Caprichos de la fortuna, n.º 89 - mayo 2014

Título original: Expecting Fortune’s Heir

Publicada originalmente por Harlequin Enterprises, Ltd.

Todos los derechos están reservados incluidos los de reproducción, total o parcial. Esta edición ha sido publicada con autorización de Harlequin Books S.A.

Esta es una obra de ficción. Nombres, caracteres, lugares, y situaciones son producto de la imaginación del autor o son utilizados ficticiamente, y cualquier parecido con personas, vivas o muertas, establecimientos de negocios (comerciales), hechos o situaciones son pura coincidencia.

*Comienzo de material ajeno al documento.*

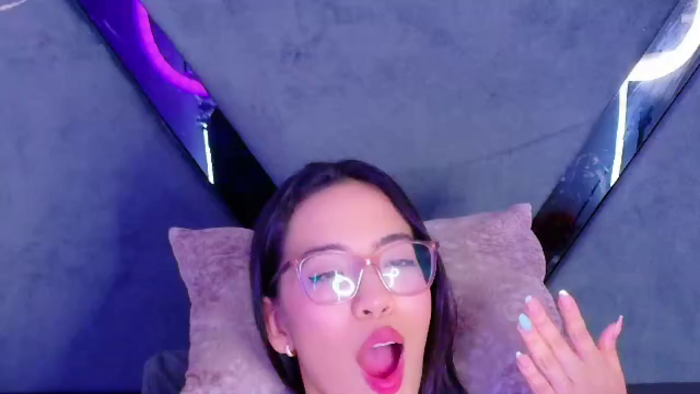 kylie-whitee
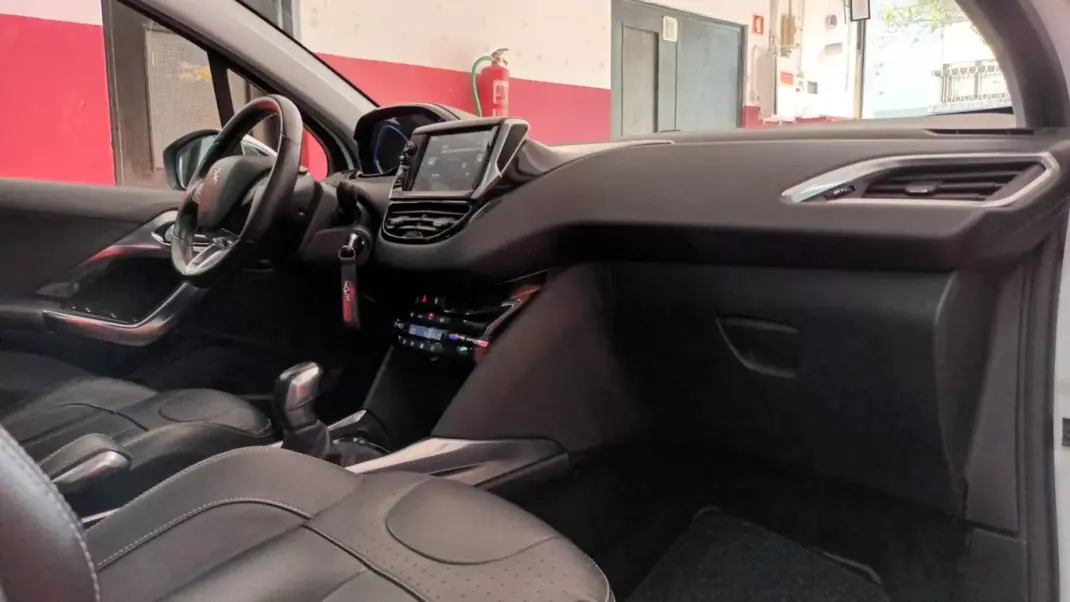 Peugeot 2008 2015 - 11490 EUR, 92490 km - AUTO.MOTO.pt - 92490km - foto 55 de 72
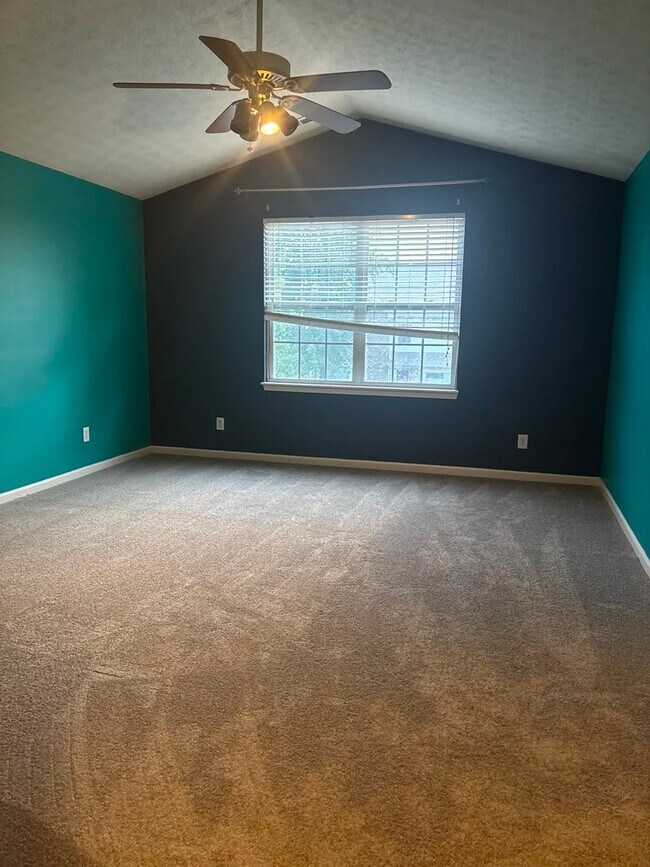 Foto del edificio - 5667 Glass Chimney Ln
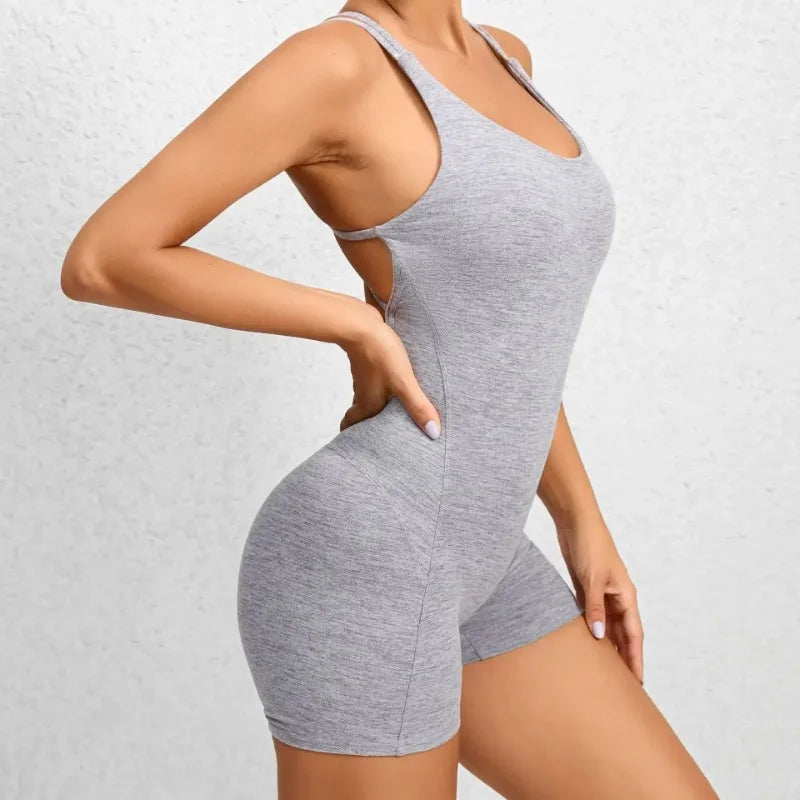 Seamless Yoga Jumpsuits Sports Fitness Pleated Peach Hip-lifting Beauty Back Dance Jumpsuit Workout Gym Shorts Set for Women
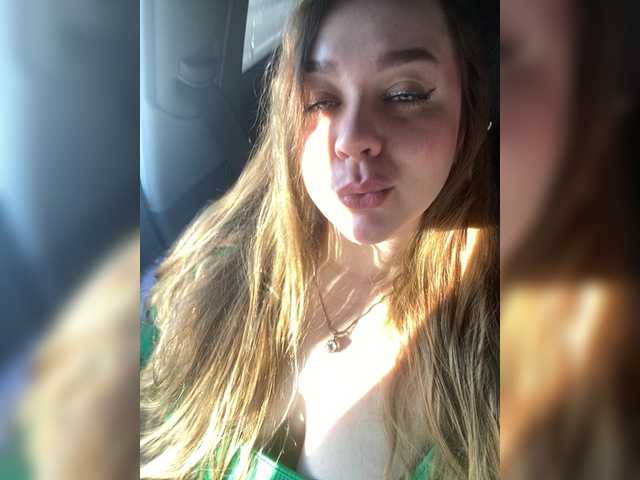 Bonne-Aurore's BongaCams show and profile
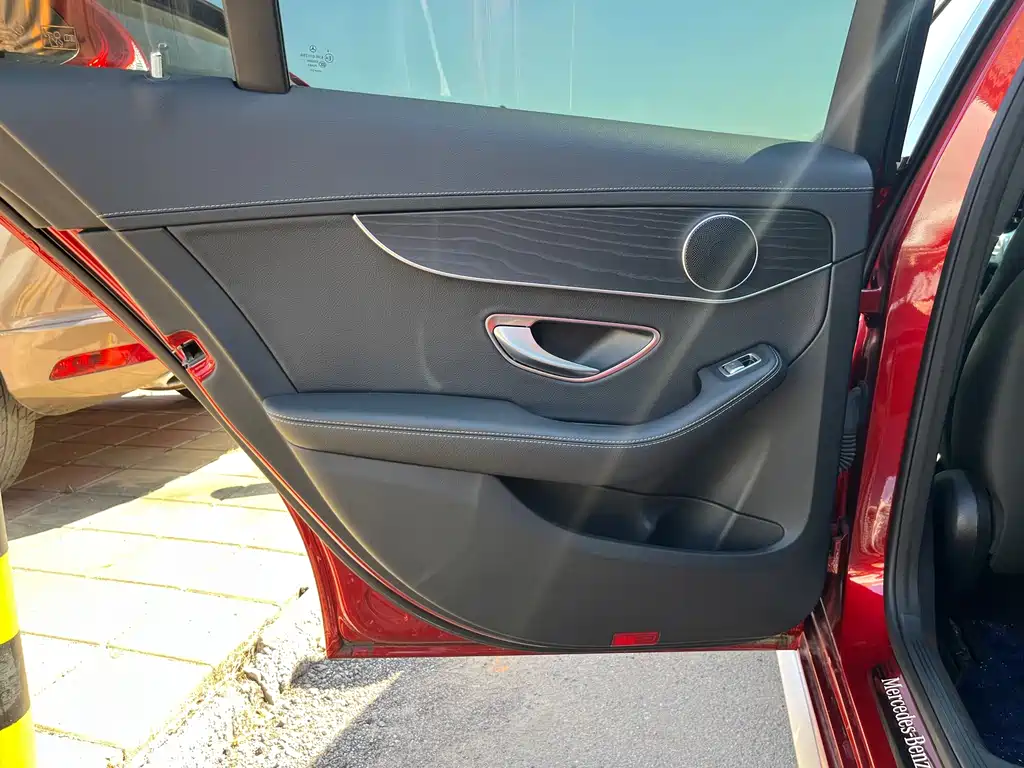 Mercedes-Benz C-Class — миниатюра 15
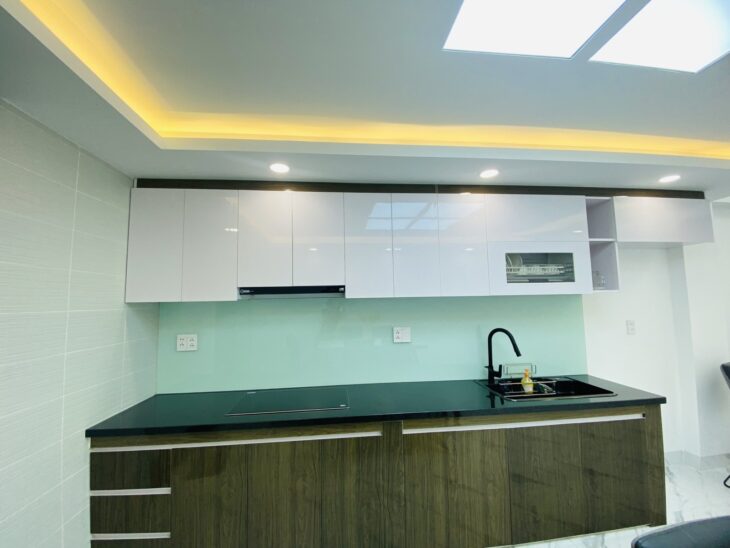 Nhà LÊ VĂN SỸ, bán gấp, 48m2, 5 tầng, chỉ 7.2 tỷ.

® Harlequin, Julia y logotipo Harlequin son marcas registradas por Harlequin Enterprises Limited.

® y ™ son marcas registradas por Harlequin Enterprises Limited y sus filiales, utilizadas con licencia. Las marcas que lleven ® están registradas en la Oficina Española de Patentes y Marcas y en otros países.

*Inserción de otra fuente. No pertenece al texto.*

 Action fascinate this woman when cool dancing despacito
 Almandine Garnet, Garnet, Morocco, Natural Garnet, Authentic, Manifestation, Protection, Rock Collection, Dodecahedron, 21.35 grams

Imagen de cubierta utilizada con permiso de Harlequin Enterprises Limited. Todos los derechos están reservados.

I.S.B.N.: 978-84-687-4298-4

Editor responsable: Luis Pugni

Conversión ebook: MT Color & Diseño

Capítulo 1

Nochevieja

Natalia Serrano no había visto nunca unos ojos tan azules como aquellos. Cierto que estaba a una distancia considerable de aquel hombre y quizá solo fuese una ilusión óptica, pero aun así era un espécimen magnífico. El esmoquin que llevaba le sentaba como hecho a medida. Era alto, esbelto, de complexión atlética, y sus rasgos eran de una belleza clásica. Un mechón de cabello negro le cayó sobre la frente, y el hombre lo apartó con impaciencia.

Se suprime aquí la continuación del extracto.